ETERTON MULTI-RESOURCES CORPORATION (FORMERLY ETERNIT CORPORATION), PETITIONER, VS. FILIPINO PIPE AND FOUNDRY CORPORATION, RESPONDENT.

R E S O L U T I O N


NACHURA, J.:

At bar is a petition for review on certiorari under Rule 45 of the Rules of Court filed by Eterton Multi-Resources Corporation (ETERTON), challenging the May 28, 2007 Decision1 and the October 1, 2007 Resolution2 of the Court of Appeals (CA) in CA-G.R. CV No. 66917.

The facts:

ETERTON is a corporation engaged in the manufacture of asbestos cement pipes. On November 17, 1980, it entered into an Agreement3 with respondent Filipino Pipe and Foundry Corporation (FPFC) wherein ETERTON undertook to deliver the asbestos cement pipes needed by FPFC in its Metropolitan Waterworks and Sewerage System PG-8 Project in Novaliches, Quezon City. FPFC paid P1,260,521.83, but only P1,156,408.48 worth of asbestos cement pipes were delivered.  ETERTON then refused to make delivery of asbestos cement pipes unless the price would be increased. Thus, to meet the project deadline, FPFC acquiesced to ETERTON's demand, and paid, but under protest, an additional amount of P125,168.03.

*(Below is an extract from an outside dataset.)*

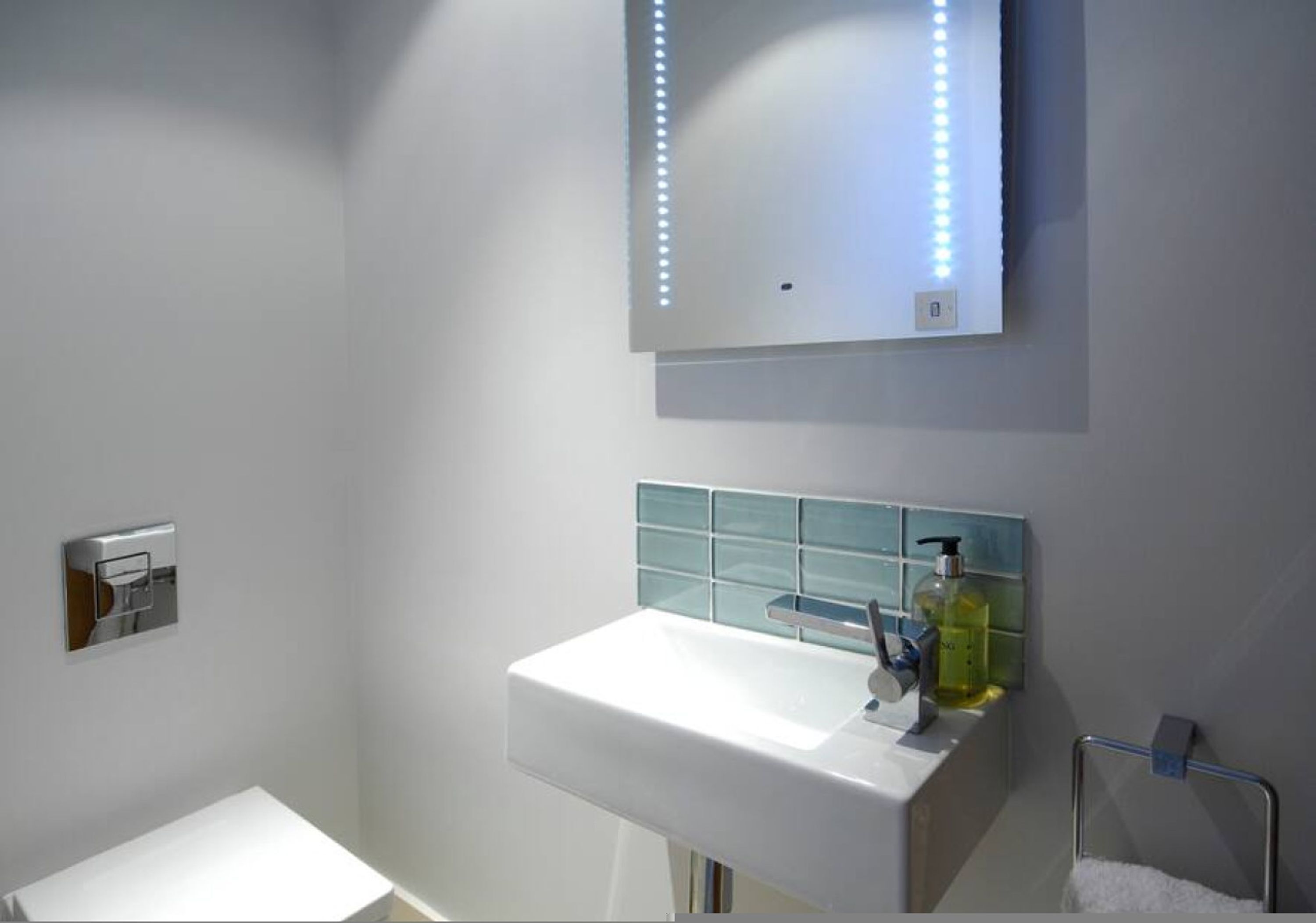 House | 3 bedrooms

Thereafter, FPFC demanded from ETERTON the value of the undelivered asbestos cement pipes and the return of the overpayment it made, but the latter refused. Thus, on September 7, 1983, FPFC filed a collection suit with damages4 against ETERTON in the Regional Trial Court (RTC) of Pasig, docketed as Civil Case No. 50163.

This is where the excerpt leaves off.